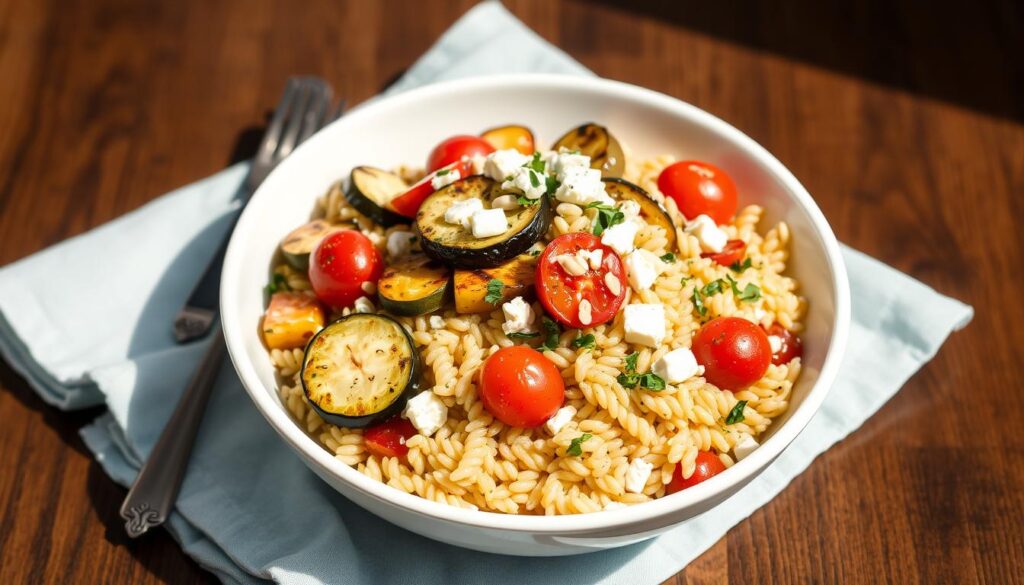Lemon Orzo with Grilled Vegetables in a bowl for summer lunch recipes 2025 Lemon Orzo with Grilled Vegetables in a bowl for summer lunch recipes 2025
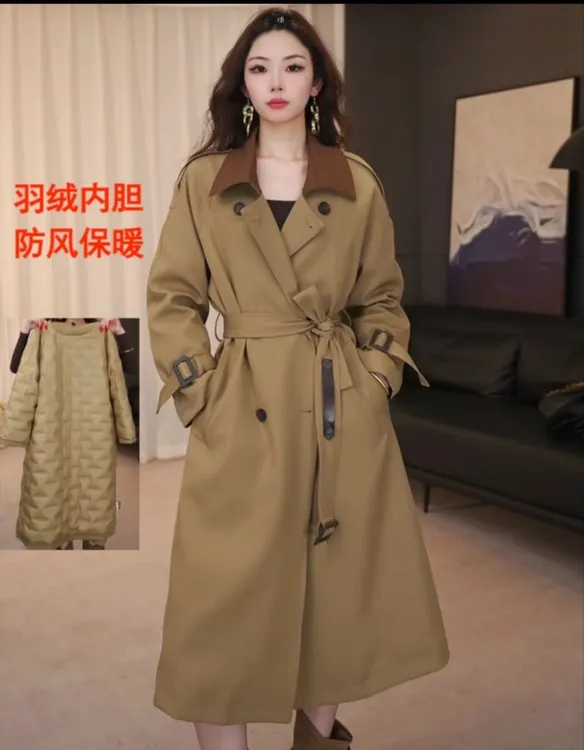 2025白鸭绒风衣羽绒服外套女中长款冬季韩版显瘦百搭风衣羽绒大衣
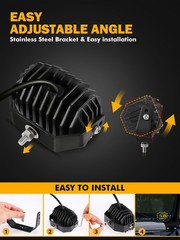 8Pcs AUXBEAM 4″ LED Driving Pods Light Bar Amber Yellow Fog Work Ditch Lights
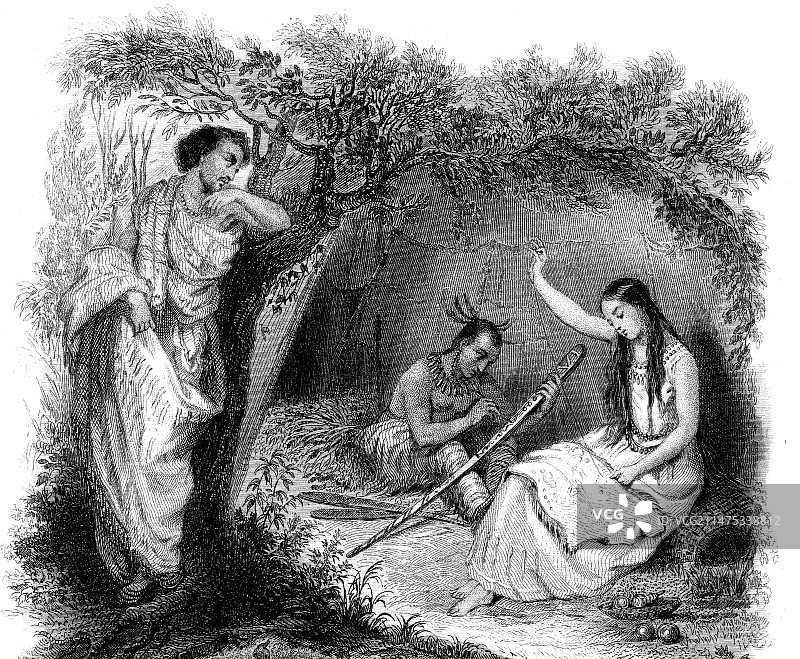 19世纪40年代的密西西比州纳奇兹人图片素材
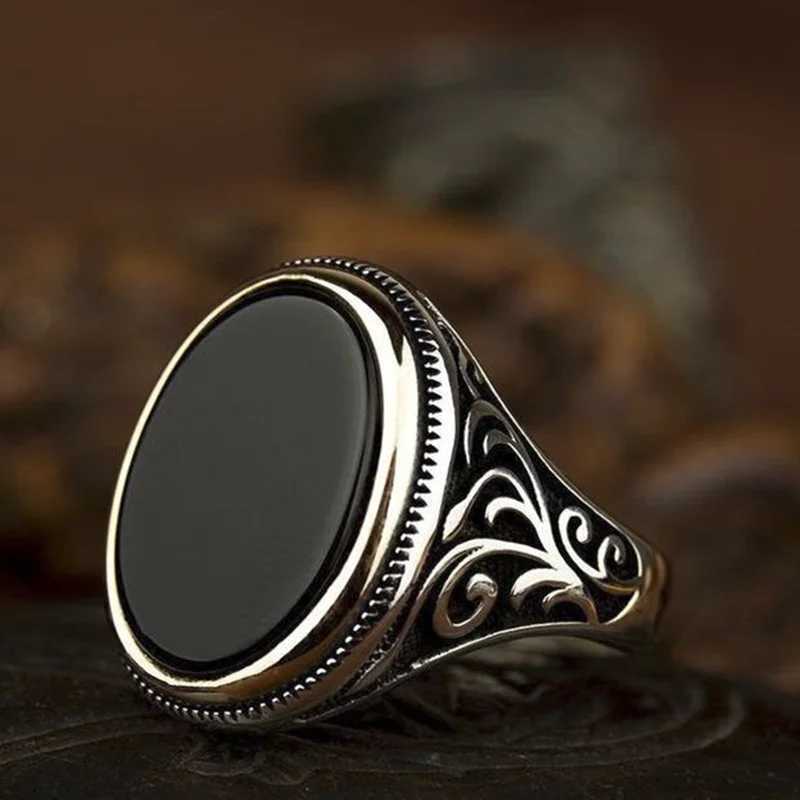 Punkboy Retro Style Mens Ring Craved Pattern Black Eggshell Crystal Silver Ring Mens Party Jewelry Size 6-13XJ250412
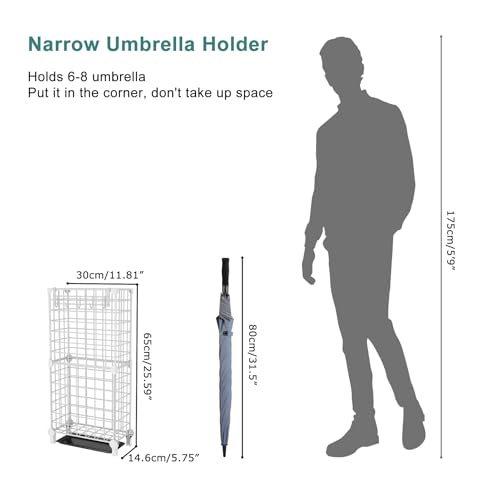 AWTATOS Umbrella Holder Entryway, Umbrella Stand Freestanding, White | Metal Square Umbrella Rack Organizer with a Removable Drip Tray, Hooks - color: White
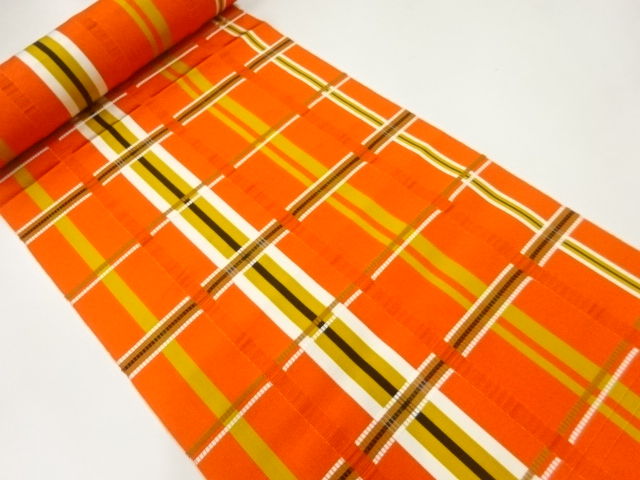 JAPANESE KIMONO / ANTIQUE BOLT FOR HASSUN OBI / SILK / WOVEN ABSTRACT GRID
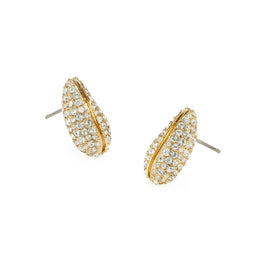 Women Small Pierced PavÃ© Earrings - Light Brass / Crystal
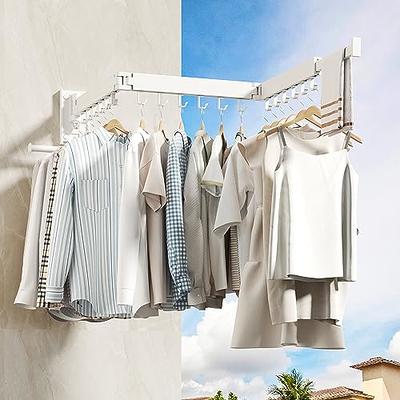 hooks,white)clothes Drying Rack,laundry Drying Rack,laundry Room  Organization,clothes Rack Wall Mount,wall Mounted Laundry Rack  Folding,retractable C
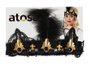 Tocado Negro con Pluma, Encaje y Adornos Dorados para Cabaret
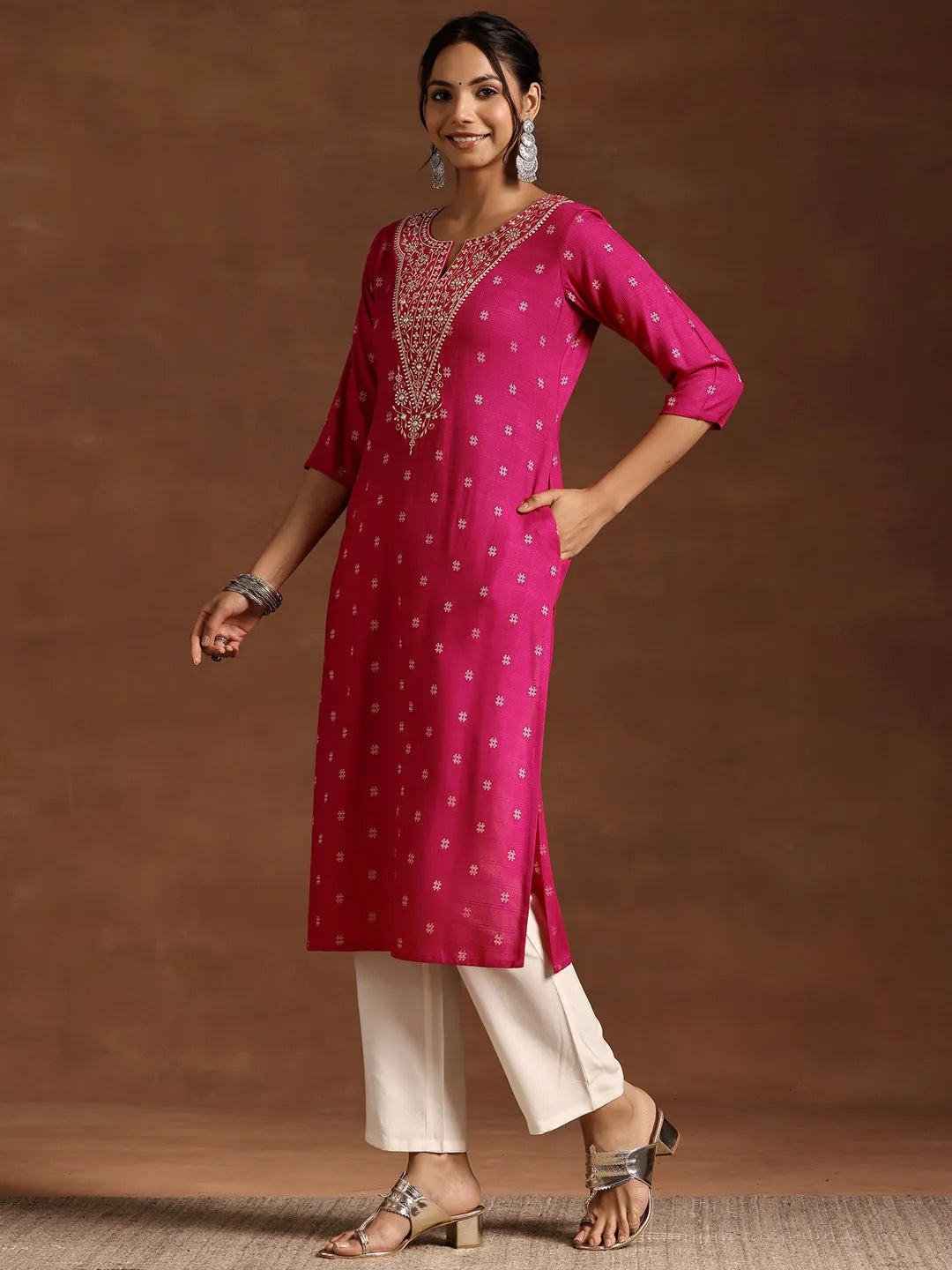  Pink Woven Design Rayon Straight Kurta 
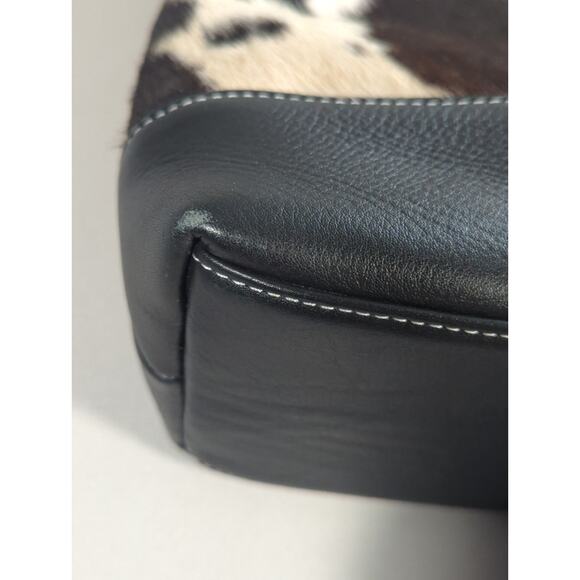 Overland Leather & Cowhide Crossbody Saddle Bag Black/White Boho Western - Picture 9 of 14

**Assignment:**
Please repeat the lines that run from the one holding "Women Small Pierced" to the last line of the material, both included, exactly and without pictures.

**Answer section:**
 Women Small Pierced PavÃ© Earrings - Light Brass / Crystal
 hooks,white)clothes Drying Rack,laundry Drying Rack,laundry Room  Organization,clothes Rack Wall Mount,wall Mounted Laundry Rack  Folding,retractable C
 Tocado Negro con Pluma, Encaje y Adornos Dorados para Cabaret
  Pink Woven Design Rayon Straight Kurta 
 Overland Leather & Cowhide Crossbody Saddle Bag Black/White Boho Western - Picture 9 of 14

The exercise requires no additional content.